Charles Baxter could not ask for better dramatic placement than a single shared bench in the shade. The setting is almost hyper-dramatic, something out of detective fiction—the poorly lit corner of an alleyway, the back booth in a seedy bar. Burroway’s war of stakes can take root here, the creative writing student thinks. What better place for a character to act, as Gardner wants characters to do, to launch a plot of “action,” than the shade in Vietnam? Surely some deal will be struck. Potential plot lines congeal in the reader’s head. Kevin Costner and Donald Sutherland in JFK come to mind. There’s a gun on the cover of the book, for Christ sakes! The summarized write-up on the back cover says a heroin deal is going to go way bad, and yet what does Stone offer up? What sort of fight does he launch? What epic drama does he open his second book with?
Converse reads his mail.
While dull, the mail reading operates as a clever device for establishing Converse’s backstory as well as events transpiring back home in the United States, and no sooner does Converse begin reading than he starts sizing up his benchmate. Just as Stone does with the Bible Salesman in A Hall of Mirrors, he bestows lavish description on the “American lady of middling age” beside Converse. He notes that she is wearing a green print dress and canvas hat. She is reading The Citadel by A.J. Cronin. The several sentences used to describe her skin make us consider the extent to which this Converse character is a sleaze, but his first awkward line to the stranger on the bench wins us back. It is perhaps the finest bit of dad-humor crossed with blind-date speak to serve as the first spoken line of a novel: “Well,” says Converse, “we’ll have some weather soon.”

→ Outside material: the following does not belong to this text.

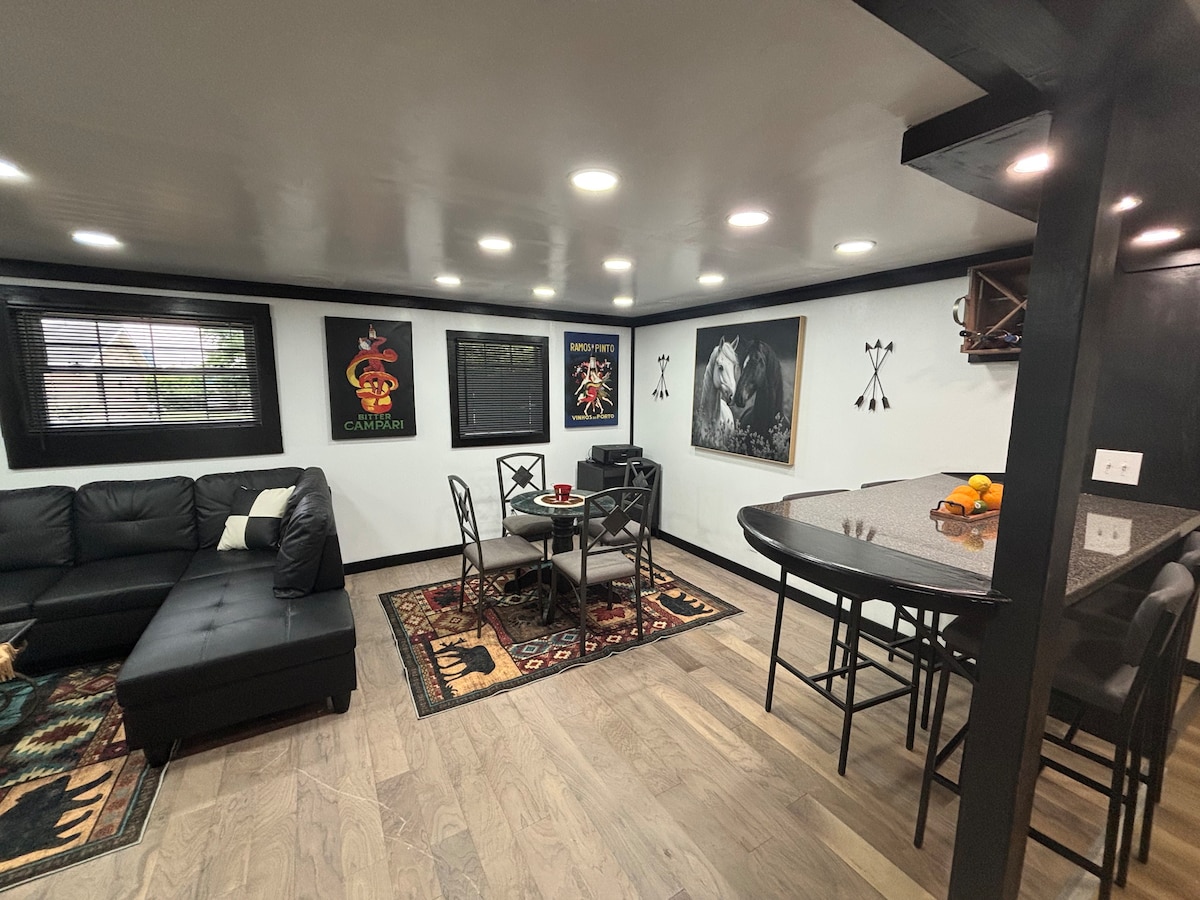 Amazingly located 2 bed 1 bath apart pet friendly – Photo 2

The woman is more resilient than first glance would warrant. Converse states that he has been reporting in Vietnam for eighteen months, and the woman on the bench responds that she has been in Vietnam for fourteen years. The ensuing conversation is not so much one-upping as a comparison of notes. The woman explains how her husband was “taken” and killed. Converse thinks of a story about a missionary to whom “they fixed a cage in which a rat had been imprisoned. As the rat starved,” Stone writes, “it began to eat its way into the missionary’s brain.”

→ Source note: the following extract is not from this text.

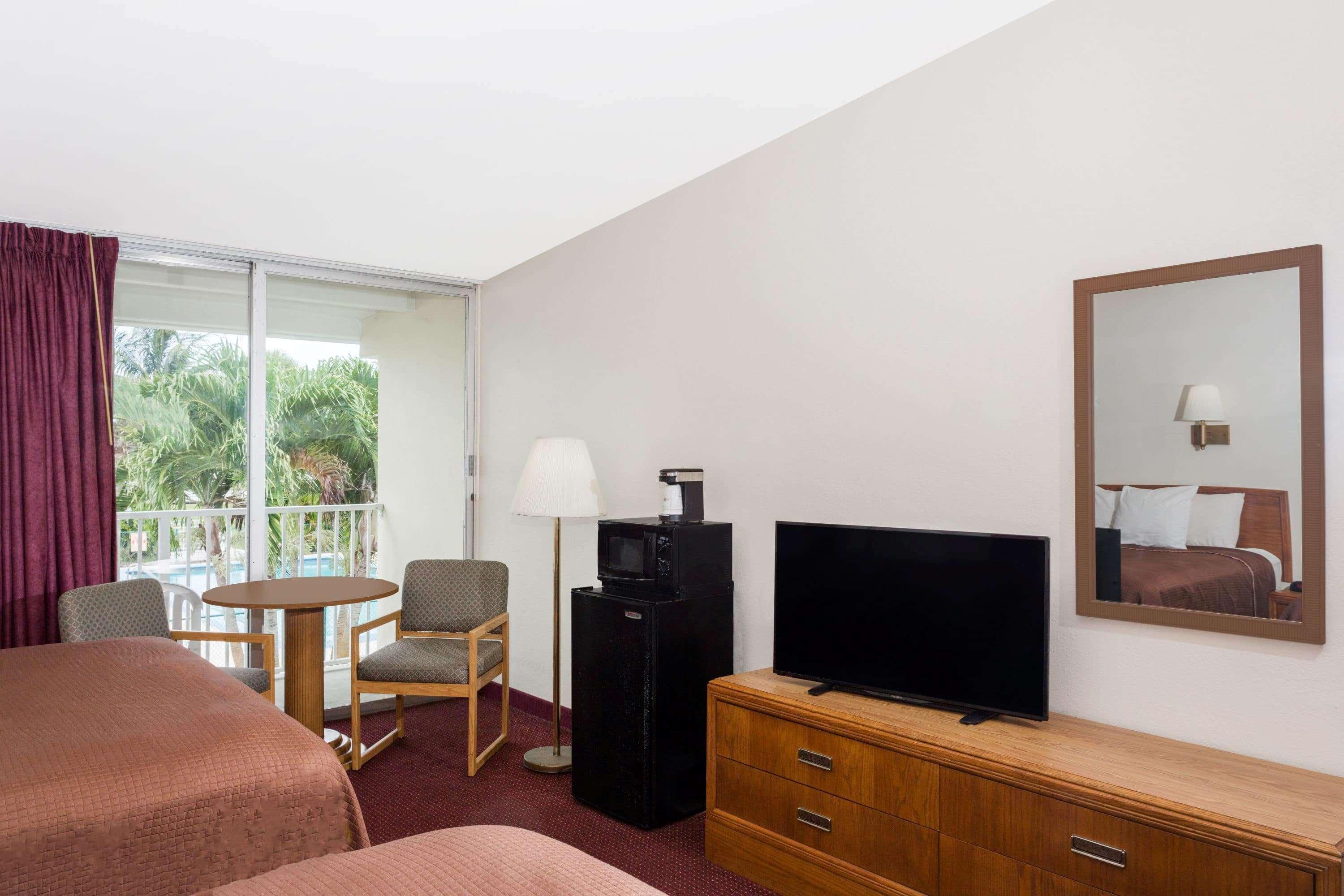 Hotel Howard Johnson By Wyndham Vero / Downtown Vero Beach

Vietnam as a setting would seem to be too stark for Baxter’s subtleties. Burroway’s idea of “story as a war” appears small and misguided against the backdrop of kidnappings and deaths and hungry rats. The case could be made for a subtle Gardnerian psychological war being played out on the bench, but the encounter is often humorous. When the woman reveals she herself is a missionary and then slides into a bit of preaching, Converse responds that “deliverance from evil would be nice.” He shares that he does not, unfortunately, believe in Satan, and the woman’s response calls like a chime throughout the rest of the book: “‘It’s always surprised me,’ she said softly, ‘things being what they are and all, that people find it so hard to believe in Satan.’”

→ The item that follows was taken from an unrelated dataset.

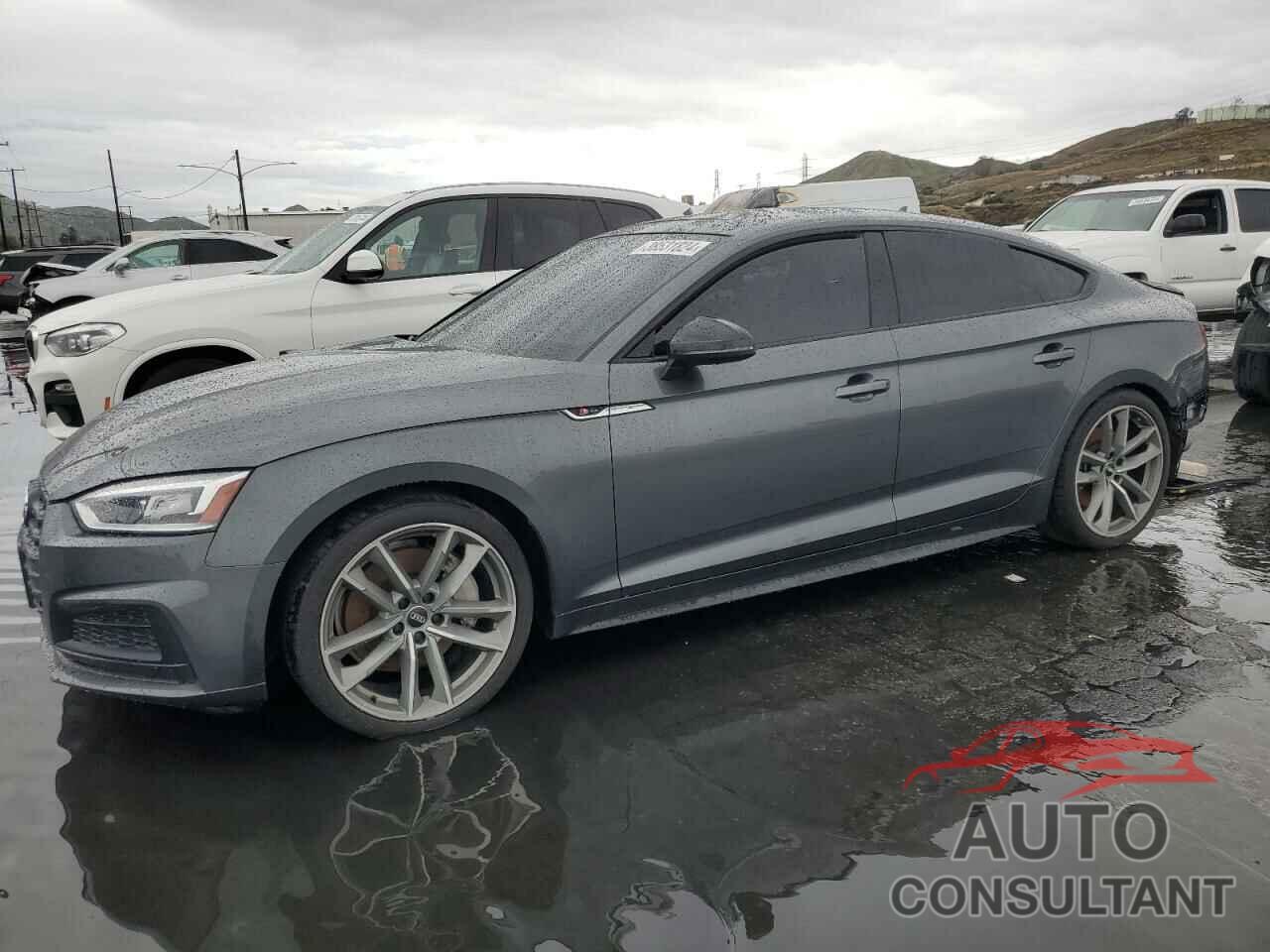 AUDI A5 2019 - WAUENCF58KA006182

The reader familiar with A Hall of Mirrors will note that Stone is both upping the philosophical cant of his second novel’s opening while also devaluing character ever so slightly. For a side character helping start a novel, the woman is shockingly forthright in her ability to discuss morality, her life, Christianity, Satan—any subject is game. She is rendered through no signifying “telling detail.” The woman simply tells. Yet whereas the boy in A Hall of Mirrors gets a moniker—the Bible Salesman—the first side character in Dog Soldiers remains “the lady,” “her,” “she.” The more intriguing Stone makes her, the more he seems to close off that narrative route. Stone knows the exact type of flirty plot he has aimed us toward, and where a reader might envision a souped-up Christo-politico sex scandal, Stone envisions Vietnam. Converse invites her to dinner, and the woman seems to reject Converse, narrative convention, and our expectations all at once: “I really don’t think I’d be the sort of company you’d enjoy. I suppose you must be very lonely. But I think I’m really a lot older than you are.”
This paragraph is where Stone, in his second novel, both confirms the talent and narrative nimbleness he displayed at the outset of A Hall of Mirrors while also surpassing that establishing move. Just as he did in his debut, no sooner does Stone “identify his fighters,” in Burroway’s words, than he disappears this woman from Dog Soldiers, never to be seen again. He nods to Baxter’s ideas of dramatic placement while also eschewing the conflict a reader would expect from such placement. Gardner informs the beginning writer that “No fiction can have real interest if the central character is not an agent struggling for his or her own goals, if the character is a subject to the will of others,” to which Stone responds: Do you know any drunks? Any misfits or wanderers? Ever met a reporter stuck in a far off place, helpless and lonely? What heroes in charge of their own orderly narratives, the works of Robert Stone ask, do you see amongst us in the sixties?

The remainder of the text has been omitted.